**YOUR TASK**
Omit the pictures and reproduce the rest of the listing exactly.

**DATA BELOW**

● ● ● ● ● ● ●

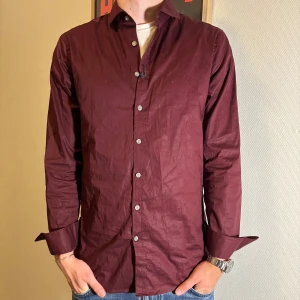 Vinröd Tiger of Sweden skjorta - Säljer denna stilrena vinröda skjorta från Tiger of Sweden i slim fit. Den är i riktigt fint skick och bara provad på. Tagg finns kvar på skjortan (Bild 3). Modellen är 181cm lång och väger 72, tveka inte vid frågor eller prisförslag🍷🧳!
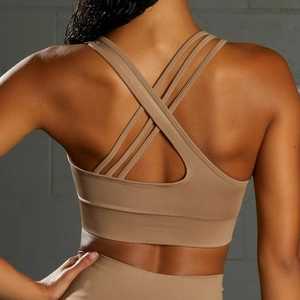 Detail of coffee brown seamless yoga set featuring multi-strap crisscross back design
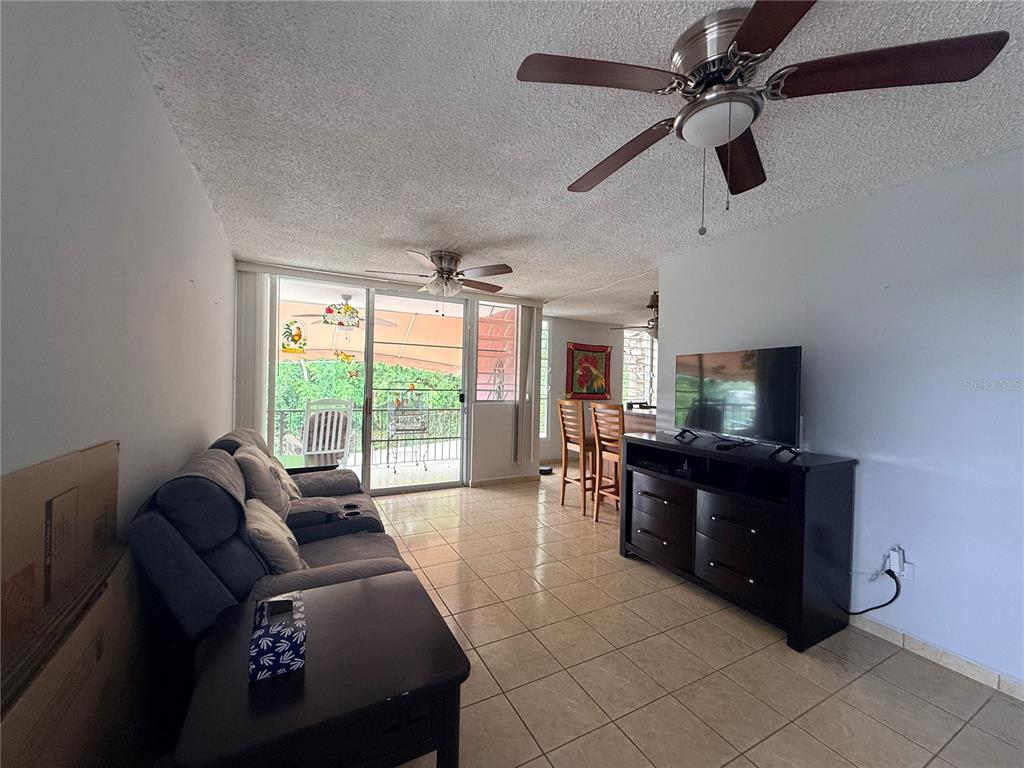 A living room features tile flooring, a ceiling fan, a sofa, and a television console — Q24 Calle 12 CALLE ANTONIA SÁEZ, URB BORINQUEN, CABO ROJO, PR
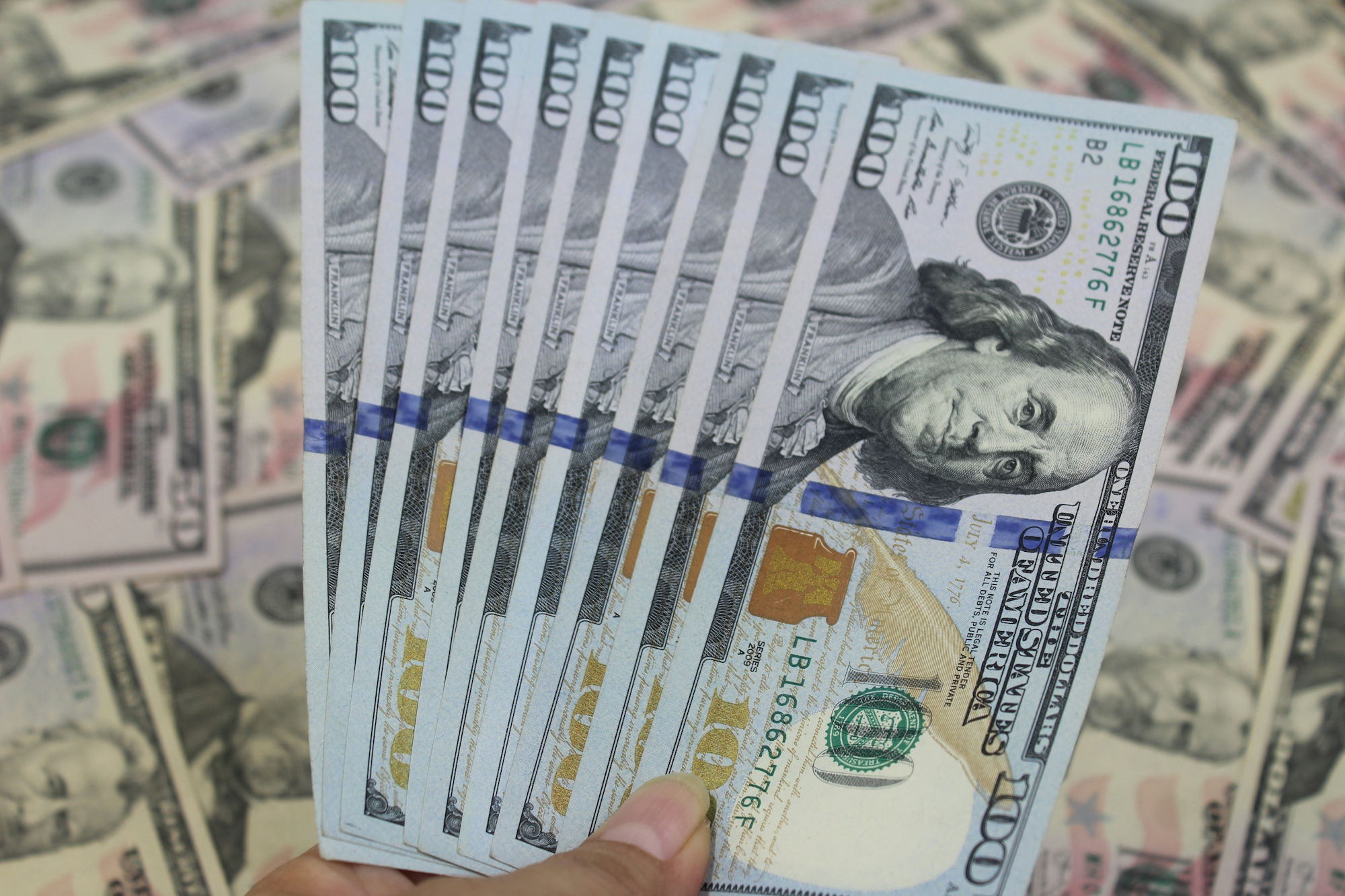 a-hand-holding-a-stack-of-paper-money.jpg a hand holding a stack of paper money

● ● ● ● ● ● ●

**SOLUTION TO THE PROBLEM**
 Vinröd Tiger of Sweden skjorta - Säljer denna stilrena vinröda skjorta från Tiger of Sweden i slim fit. Den är i riktigt fint skick och bara provad på. Tagg finns kvar på skjortan (Bild 3). Modellen är 181cm lång och väger 72, tveka inte vid frågor eller prisförslag🍷🧳!
 Detail of coffee brown seamless yoga set featuring multi-strap crisscross back design
 A living room features tile flooring, a ceiling fan, a sofa, and a television console — Q24 Calle 12 CALLE ANTONIA SÁEZ, URB BORINQUEN, CABO ROJO, PR
 a-hand-holding-a-stack-of-paper-money.jpg a hand holding a stack of paper money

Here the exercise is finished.